### Work to be completed
Line by line, restate the material word for word, omitting any image.

### Dataset content

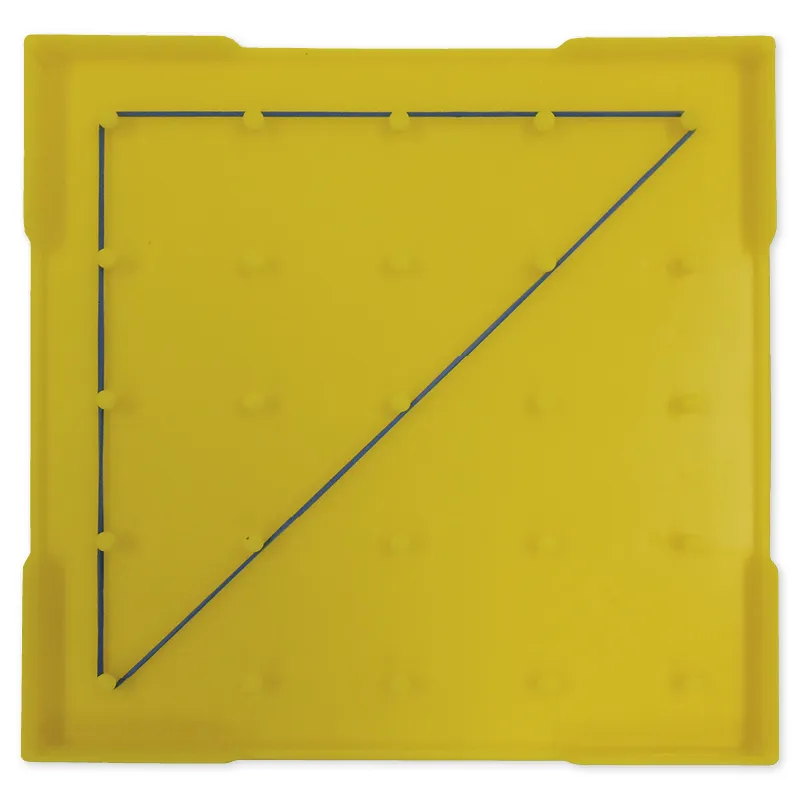 Geometrie-Brett doppelseitig (5x5 Stifte), 15x15 cm, gelb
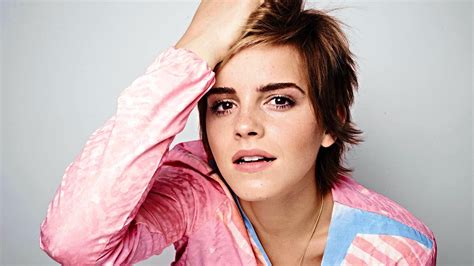 Emma Watson Short Hair Photoshoot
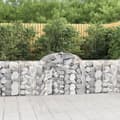 Miniatyrbillede 1 af 6: vidaXL buede gabionkurve 9 stk. 200x30x80/100 cm galvaniseret jern
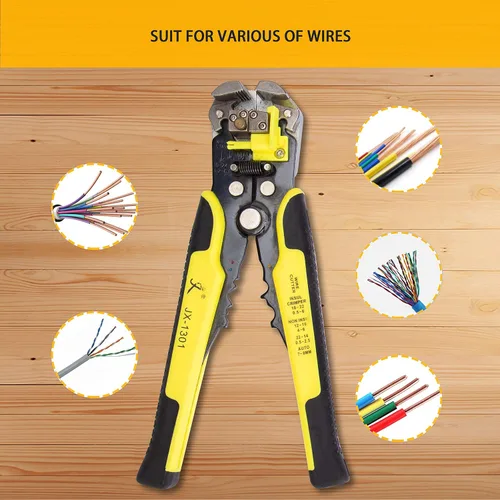 Miniatura 8 de Kotto Kit de herramientas de pelacables y alicates de corte autoajustables de 8 pulgadas con bolsa de almacenamiento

### Solution
 Geometrie-Brett doppelseitig (5x5 Stifte), 15x15 cm, gelb
 Emma Watson Short Hair Photoshoot
 Miniatyrbillede 1 af 6: vidaXL buede gabionkurve 9 stk. 200x30x80/100 cm galvaniseret jern
 Miniatura 8 de Kotto Kit de herramientas de pelacables y alicates de corte autoajustables de 8 pulgadas con bolsa de almacenamiento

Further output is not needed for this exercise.